• _Action item_
For the copy, please give all of the data again exactly and leave the pictures out.

• _Source material_

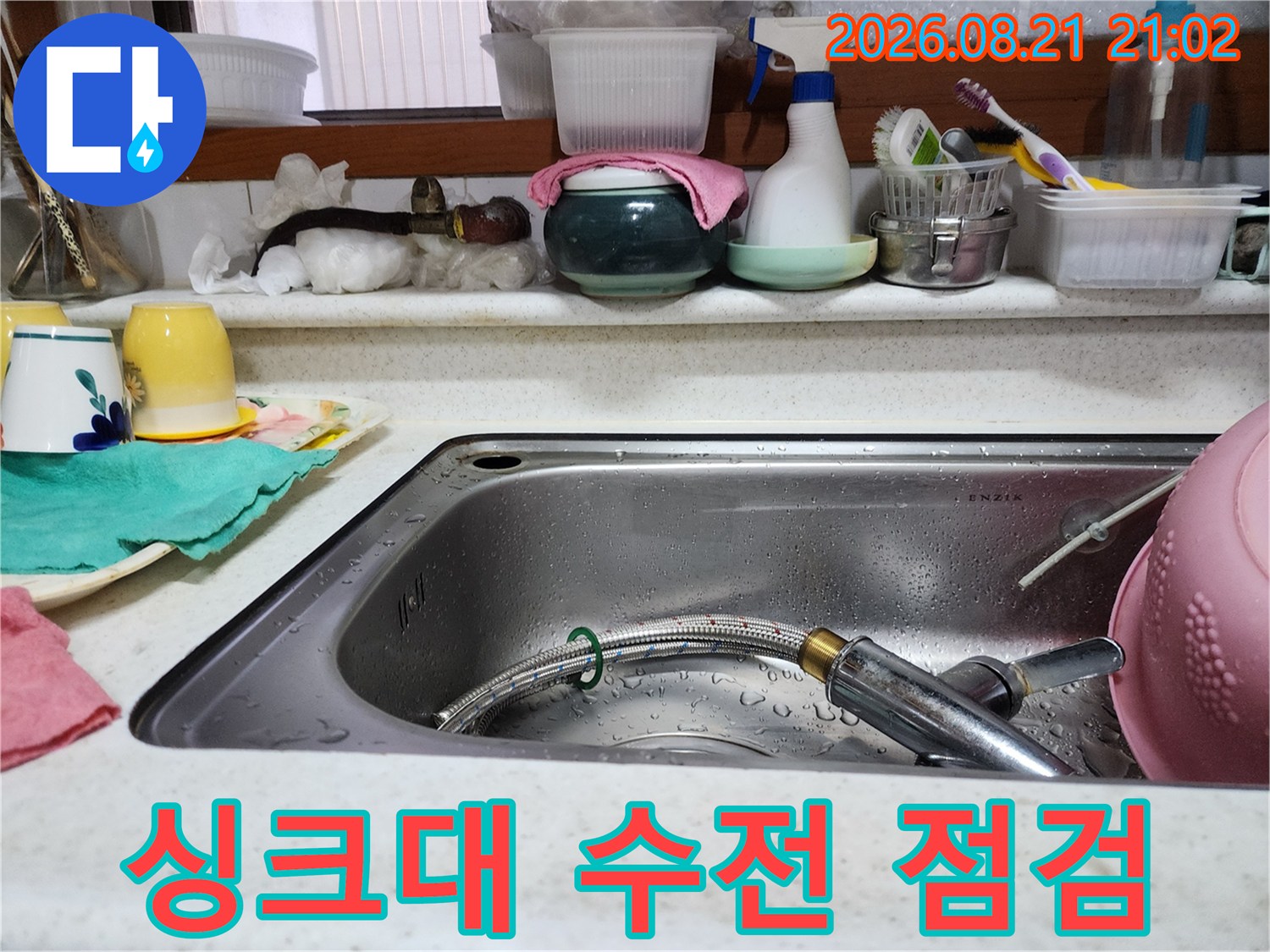 싱크볼 내부에 놓인 수전 헤드와 주변 환경을 촬영한 사진입니다.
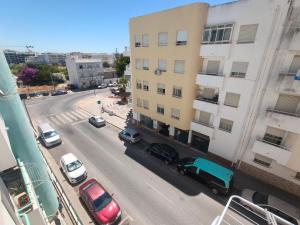 a view of a city street with cars parked on the road at Cubo Rooms Olhão in Olhão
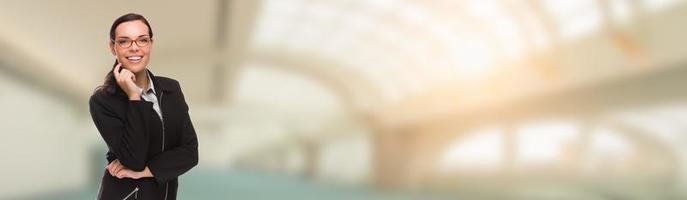 Mixed Race Businesswoman Inside Building Banner photo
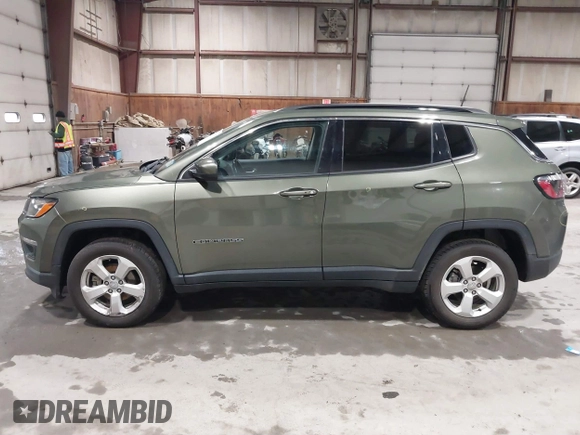 2021 Jeep Compass Latitude with VIN 3C4NJDBB1MT566220, listed as a IAAI auction lot 41816107 with 69,139 mi miles and . Bid and sale history available at DreamBid. Image 14.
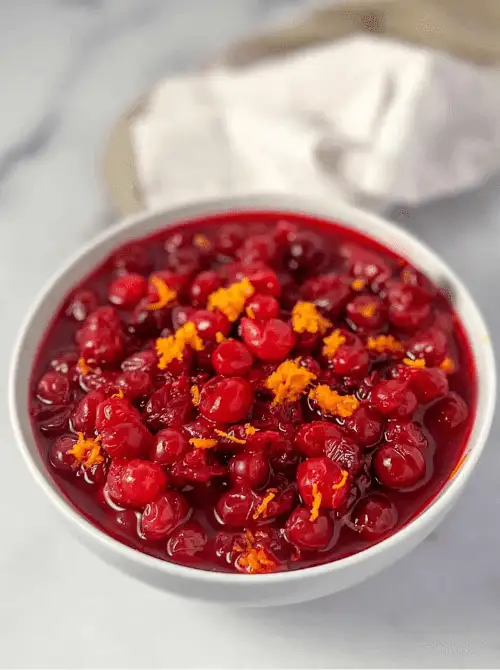 Bowl of homemade cranberry sauce topped with fresh orange zest, a colorful and budget-friendly Thanksgiving side dish.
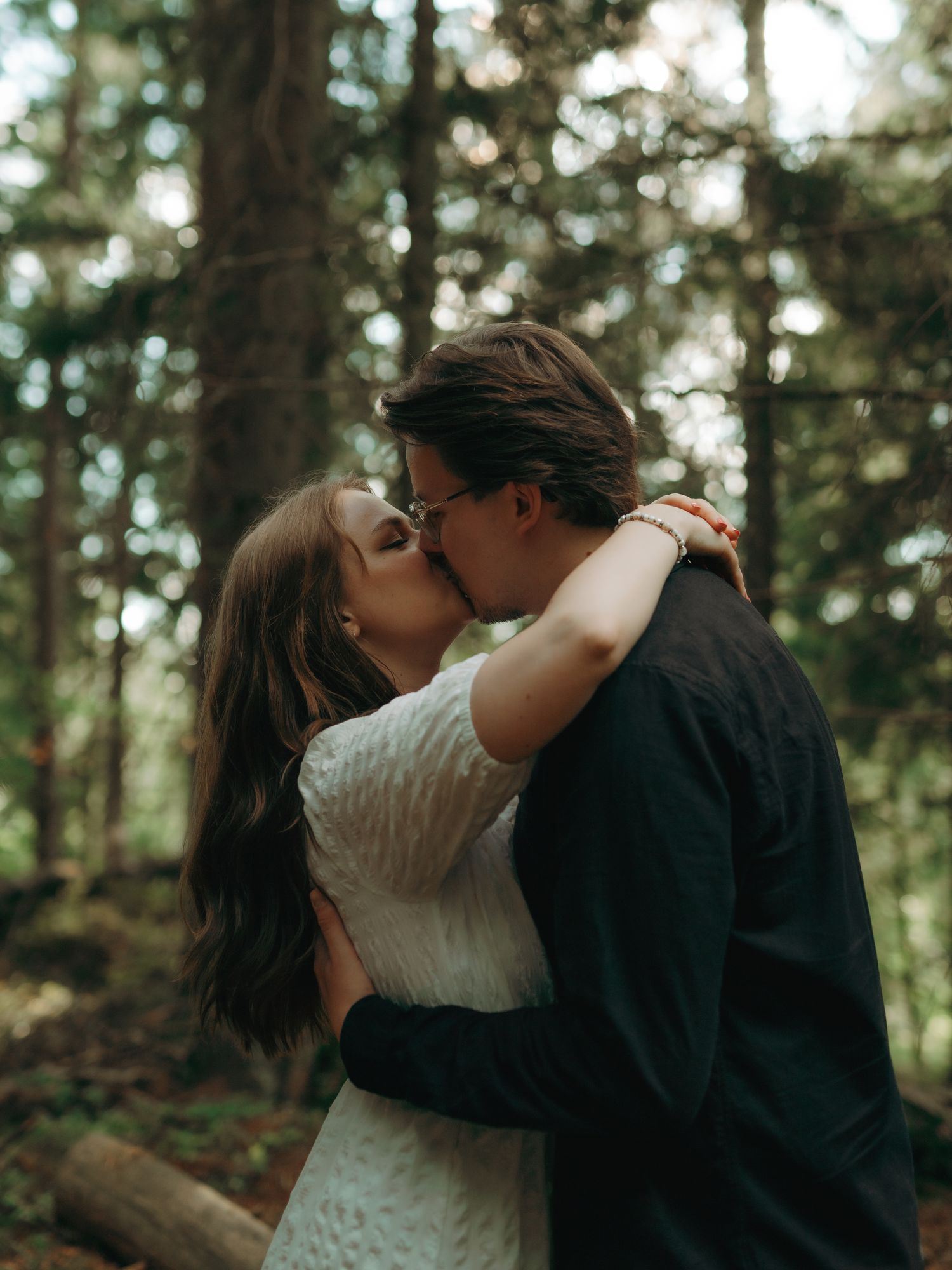 A romantic moment shared between two people embracing and kissing in a sunlit forest.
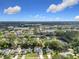 Expansive aerial shot featuring a lakefront residential area with mature trees and community amenities at 5240 N Lake Burkett Ln, Winter Park, FL 32792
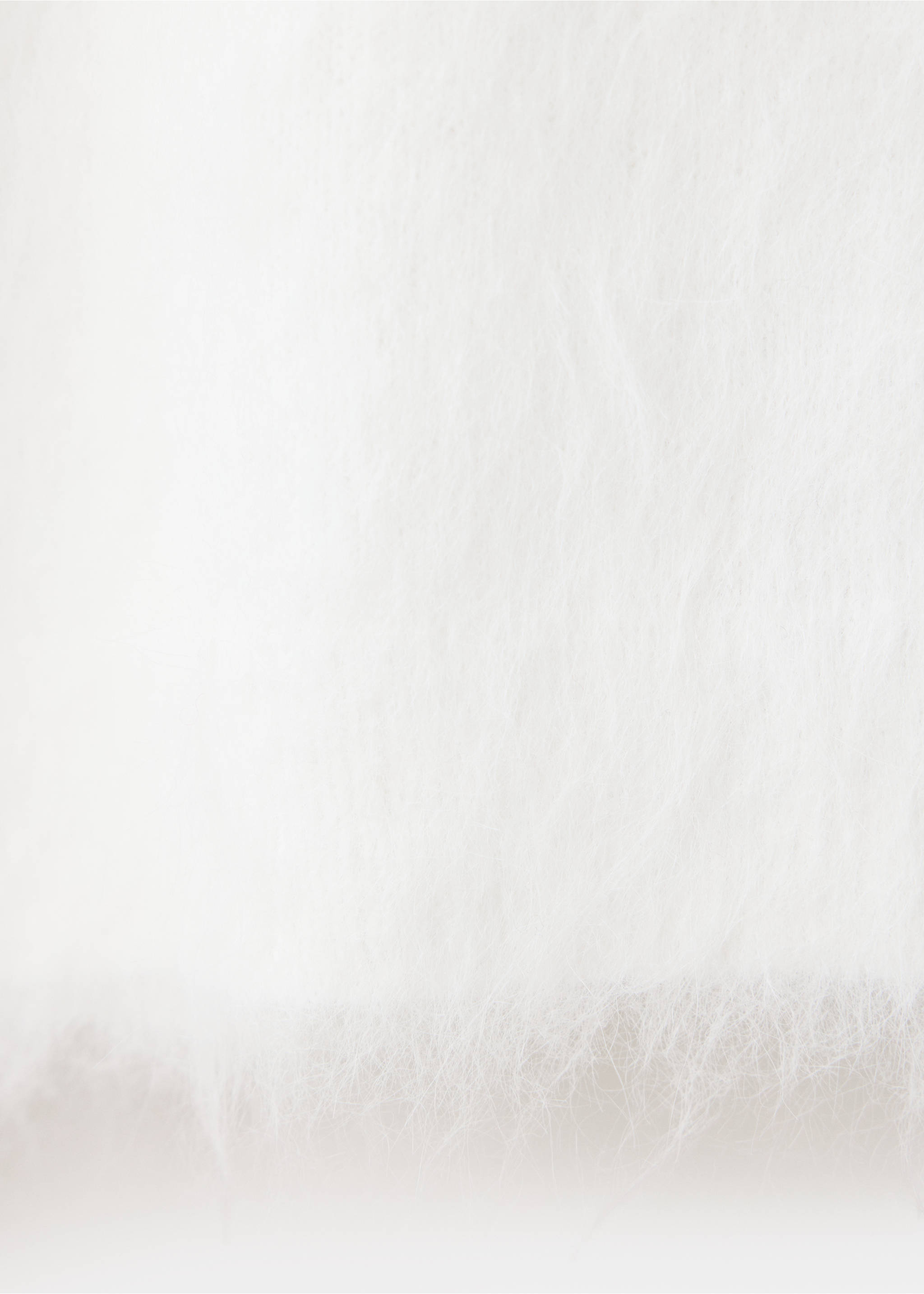 Close-up of the white fluffy knit fabric of a jersey., Off White. Ref: 37009132-00.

• _Written solution_
 싱크볼 내부에 놓인 수전 헤드와 주변 환경을 촬영한 사진입니다.
 a view of a city street with cars parked on the road at Cubo Rooms Olhão in Olhão
 Mixed Race Businesswoman Inside Building Banner photo
 2021 Jeep Compass Latitude with VIN 3C4NJDBB1MT566220, listed as a IAAI auction lot 41816107 with 69,139 mi miles and . Bid and sale history available at DreamBid. Image 14.
 Bowl of homemade cranberry sauce topped with fresh orange zest, a colorful and budget-friendly Thanksgiving side dish.
 A romantic moment shared between two people embracing and kissing in a sunlit forest.
 Expansive aerial shot featuring a lakefront residential area with mature trees and community amenities at 5240 N Lake Burkett Ln, Winter Park, FL 32792
 Close-up of the white fluffy knit fabric of a jersey., Off White. Ref: 37009132-00.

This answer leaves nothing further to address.